Nutrition as you age: Dietary Guidelines for older Americans
Older adults have special health considerations. According to the Dietary Guidelines, they have a greater risk of developing chronic diseases and are also vulnerable to age-related conditions like osteoporosis. Complicating matters is that a growing number of older Americans are starting this stage of their life carrying excess body weight.
Following the Dietary Guidelines can help you shed pounds and prevent additional weight gain.
Tips for eating healthy as an older adult
- Pay attention to calories. In general, women age 60+ need about 1,600-2,200 calories per day, while men require about 2,000-2,600 calories per day.
- Include more fruit, vegetables, whole grains, and dairy in your diet.
- Limit your consumption of added sugars, saturated fat, and sodium. Flavoring foods with herbs and spices can help you lower your intake of sugars, salt, and saturated fats.
- Consume adequate protein to help prevent the loss of lean muscle mass. Nutritious protein sources include seafood; dairy (including fortified soy alternatives); and beans, peas, and lentils.

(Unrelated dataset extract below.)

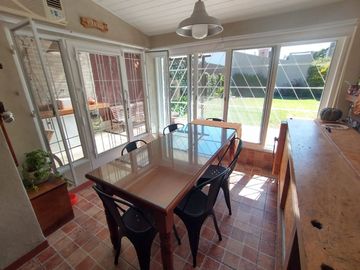CASA EN VENTA 4 AMBIENTES BOULOGNE CON JARDIN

- Boost your vitamin B12 levels by eating B12-fortified foods, such as breakfast cereals. Your doctor may advise you to take a supplement. Other foods with high levels of B12 include sardines and tuna.

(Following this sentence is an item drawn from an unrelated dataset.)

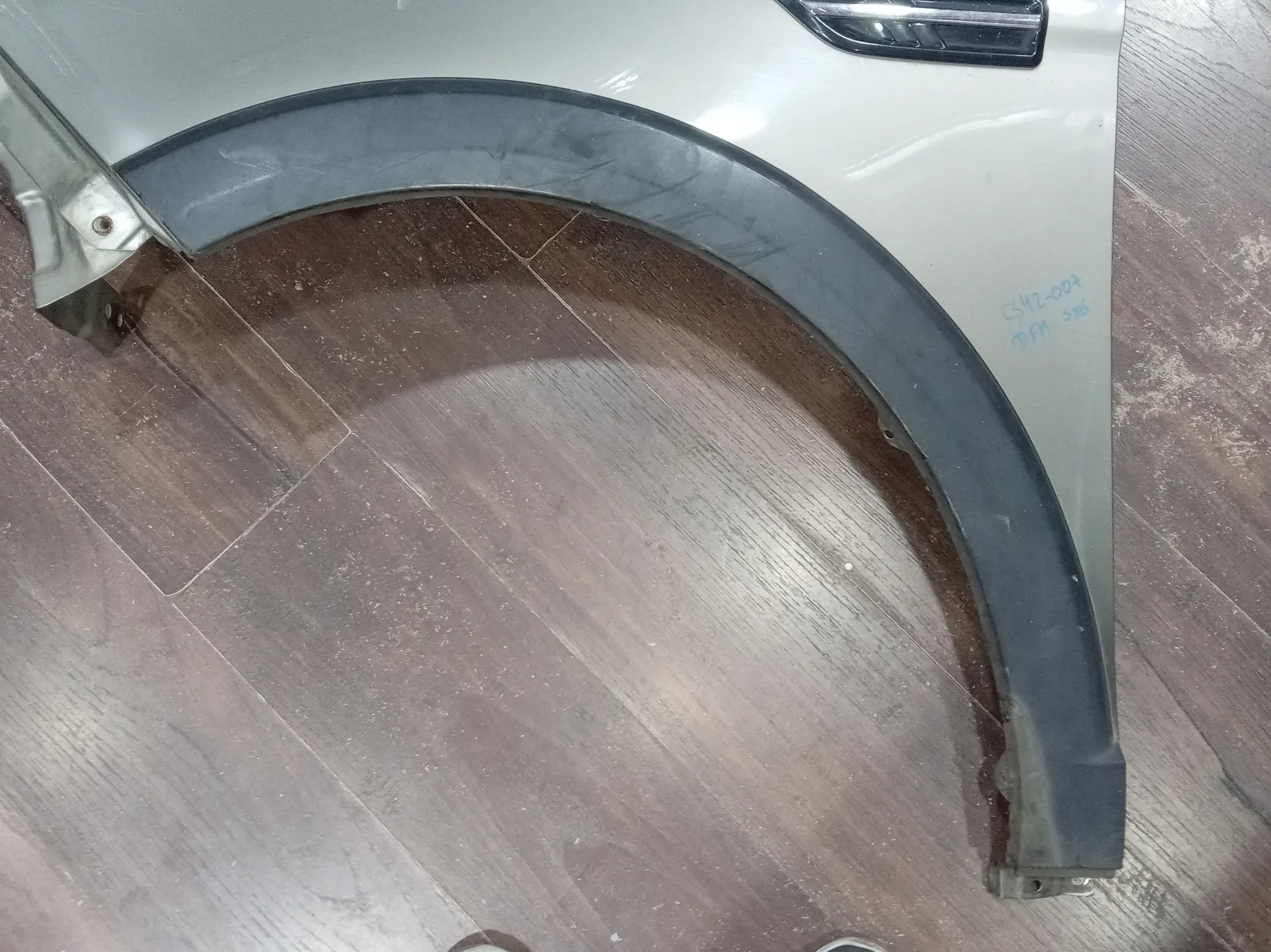 Moldura de rueda Delantero Izquierdo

- Drink plenty of water to prevent dehydration. Other good beverage choices include unsweetened fruit or low sodium vegetable juice, low-fat (or fat-free) milk, or fortified soy beverages. Fluids can also be obtained from foods containing water, such as soup and fruits and vegetables.
- Limit your intake of alcoholic drinks to no more than 2 per day if you’re a man and no more than 1 per day if you’re a woman.
It’s important to eat foods that fit your personal taste preference, culture, family traditions, budgetary considerations and individual medical conditions. Sharing meals with friends and family will help increase food enjoyment and promote healthy eating.
Learning to eat smart for a healthy lifestyle
March is National Nutrition Month®, and the Academy of Nutrition and Dietetics has provided some helpful tips for developing healthy eating habits that can be used along with Dietary Guidelines recommendations. These include:
- Avoid distractions while you’re eating (e.g. TV or cell phone).
- Slow down and take the time to enjoy your food.
- Learn how to read Nutrition Facts labels on food packaging.
- Plan healthy eating while traveling and dining out.
- Don’t be afraid to try new foods and flavors.
Reversing obesity in America won’t happen overnight, and there are a variety of treatment interventions that may be explored. However, whatever path you take good nutrition should always be an integral part of your journey. As emphasized in the new Dietary Guidelines, “it is never too early or too late to eat healthfully.”
1. Hales CM, Carroll MD, Fryar CD, Ogden CL. Prevalence of obesity and severe obesity among adults: United States, 2017–2018. NCHS Data Brief, no. 360. Hyattsville, MD: National Center for Health Statistics; 2020.